Donate

In defence of Katharine Birbalsingh

The Michaela school's High Court fight is about much more than a prayer ban.

Joanna Williams

Joanna Williams
Columnist

Topics Identity Politics UK

Despite being one of Britain’s most successful headteachers, Katharine Birbalsingh has been forced to spend this week defending her Michaela Community School in the High Court. This is because a Muslim pupil has sued the west London school for discrimination following its introduction of a prayer ban in March last year.

There were good reasons for the ban. Just over a year ago, a small group of Muslim pupils started praying in the school playground at lunchtimes. When teachers tried to rein in the practice, they were abused. Glass bottles were tossed over the school railings. A brick was thrown through one teacher’s window. Staff were reported to have been left ‘fearing for their lives’.

In response, the school suspended one pupil and introduced a temporary ban on prayer ‘rituals’. This restored calm and, several weeks later, the ban was made permanent. Now, the school is being sued by a pupil who claims the ban unfairly targets Muslim children and challenges freedom of religion.

To understand what’s driving the case against Michaela, we need to look at more than just the prayer ban and one aggrieved pupil. We also need to look at our cultural and educational elites’ animosity towards Katharine Birbalsingh.

Michaela is a state ‘free’ school, independent of the local authority, in a deprived part of London. Its pupils make better progress in their learning than any other school in the country. Many leave with superb exam results. And it’s this, it seems, that sends education academics, union leaders and ‘progressive’ teachers into a rage. Michaela challenges their belief that poor children will always struggle to succeed. Rather than making allowances for pupils with disruptive home lives, and excusing bad behaviour, Michaela holds every child to the same exacting standards.

Furthermore, as Birbalsingh explains in her statement to the High Court, Michaela is ‘a place where children of all races and religions buy into something they all share and that is bigger than themselves: our country’. This strikes at the heart of the elite belief that schools should affirm each child’s racial, religious and gender identity. Her emphasis on ‘our country’ challenges those who want schools to ‘decolonise’ their curricula and teach national shame. And, in her strict approach to discipline, Birbalsingh asserts the importance of adult authority over children’s feelings.

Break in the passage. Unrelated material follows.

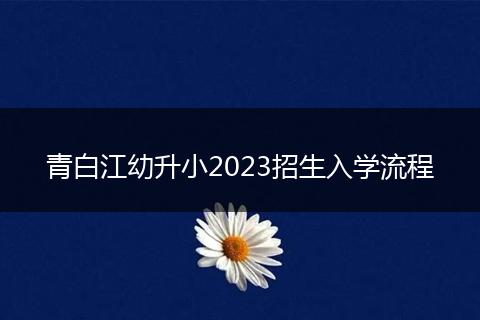 青白江幼升小2023招生入学流程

The current High Court case against Michaela does not come out of the blue. It is one in a long line of politically motivated attempts to discredit Birbalsingh and her brilliant school. Right now, the pupil suing Michaela is being backed by what The Times estimates to be between £100,000 and £150,000 in legal-aid money. It is shameful that public money is being wasted trying to take down a highly successful school.

Losing in the High Court will not just damage Michaela. It will also strike a blow to adult authority in schools across the land. It would suggest that children and judges, rather than teachers and school governors, should decide on school rules.

In many ways, Michaela should be applauded rather than slammed for its ban on prayer rituals. The school imposed the ban in order to maximise social cohesion. It wants to avoid pupils segregating themselves into religious groups. It wants pupils to see themselves as members of the same community, with a common identity and goals.

Michaela’s focus has always been on integration. At lunchtime, the school canteen serves only vegetarian food, so all faiths can eat together. The unity of the school community is elevated above the feelings of any one group. As Birbalsingh points out, this means everyone makes compromises. Christian families put up with revision classes on a Sunday. Pupils who are Jehovah’s Witnesses must study Macbeth alongside other students (they are usually forbidden from reading texts that feature magic).

In this way, the school becomes an important buffer against an outside world divided by cultural and religious identities. Inside, children can follow their intellectual and creative interests free from the pressures to conform to group demands. At Michaela, children are pupils first and members of religious and racial communities second.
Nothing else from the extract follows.